Outside directors are those who do not belong to the company's management and serve to monitor major shareholders, that is, corporate owners, and internal directors. Under current corporate law, listed corporations with total assets of over 2 trillion won must have more than half (50%) of their board composed of outside directors. For listed corporations with assets under 2 trillion won, this figure is 25%.
◇ Current outside director proportion of 25%, should be increased
Jung noted, “To prevent unilateral management by corporate owners, the proportion of outside directors under corporate law should be increased,” and added, “It is particularly important to closely examine the governance of corporations with total assets of less than 2 trillion won.”
He explained, “While it may be considered reasonable to worry about the burden of costs and reduced decision-making speed when organizing a board for smaller companies, that does not mean that the board can operate independently without oversight.” He further stated, “There should also be a process in place where an independent outside director recommendation committee, free from owner influence, can recommend and appoint independent outside directors.”
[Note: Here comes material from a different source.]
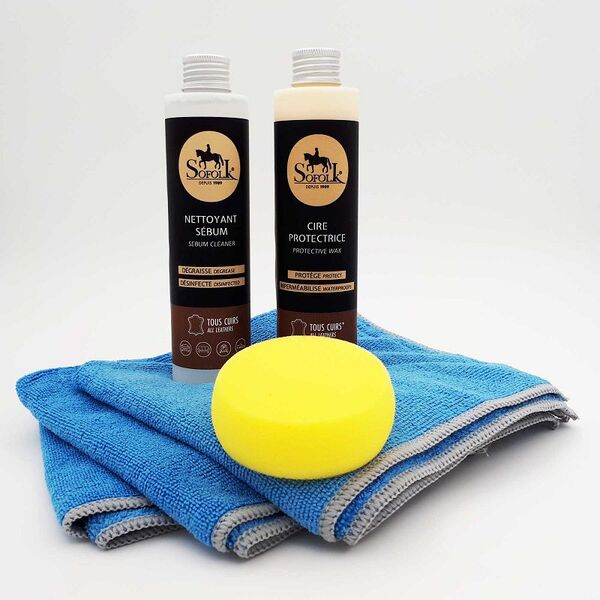 KIT NETTOYAGE + PROTECTION SEBUM - Photo 1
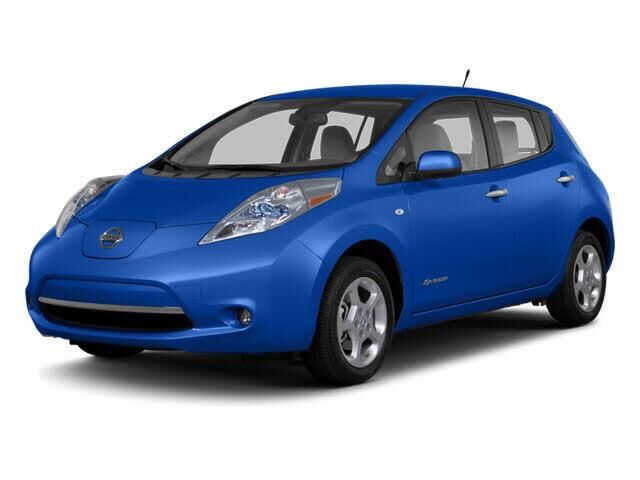 2013 Nissan LEAF SL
It is important not only to increase the proportion of outside directors but also to prevent outside directors from becoming mere "rubber stamps" for owners. Jung pointed out, “In the case of small and medium-sized enterprises, there are instances where outside directors are appointed who have ties to the owner, which inevitably reduces the independence of outside directors.”
Jung continued, “In the past, the domestic capital market was small and not complex, allowing for rapid decision-making by owners to enable corporate growth, but now the market has grown and become more complicated, making it risky for a single owner’s decision to drive the company.”
Jung emphasized that establishing an audit committee is also important for advancing the governance of small and medium-sized enterprises. According to data from Samil Accounting Corporation in 2024, the average proportion of outside directors in companies with total assets under 2 trillion won that have established an audit committee is 49%, whereas those without an audit committee have a proportion of outside directors at 29%.
Jung stated, “We should not just rush to meet the standard of 25% for the proportion of outside directors in the board; enhancing effective monitoring and oversight functions, such as establishing an audit committee, is key.”
◇ Owner risk, unmanageable by the owner... The role of the board is essential
Managing owner risk is also a critical aspect. Owner risk affects not only the company's stock price but also its corporate image. A representative example is Baek Jong-won, head of Theborn Korea, who has faced fierce criticism over issues like the "Baekham" controversy, leading to a continuous decline in stock prices.
Jung pointed out, “If owner risk arises in a corporation, it is crucial for the board to be accurately aware of the issue and address it,” adding, “However, in the case of small and medium-sized enterprises, often problems are not examined by the board, and owners tend to try to control matters directly.”
He added, “Owners themselves are often unable to make rational judgments regarding their issues,” emphasizing that “a listed corporation is not an owner-controlled entity. The management should be based on the board.”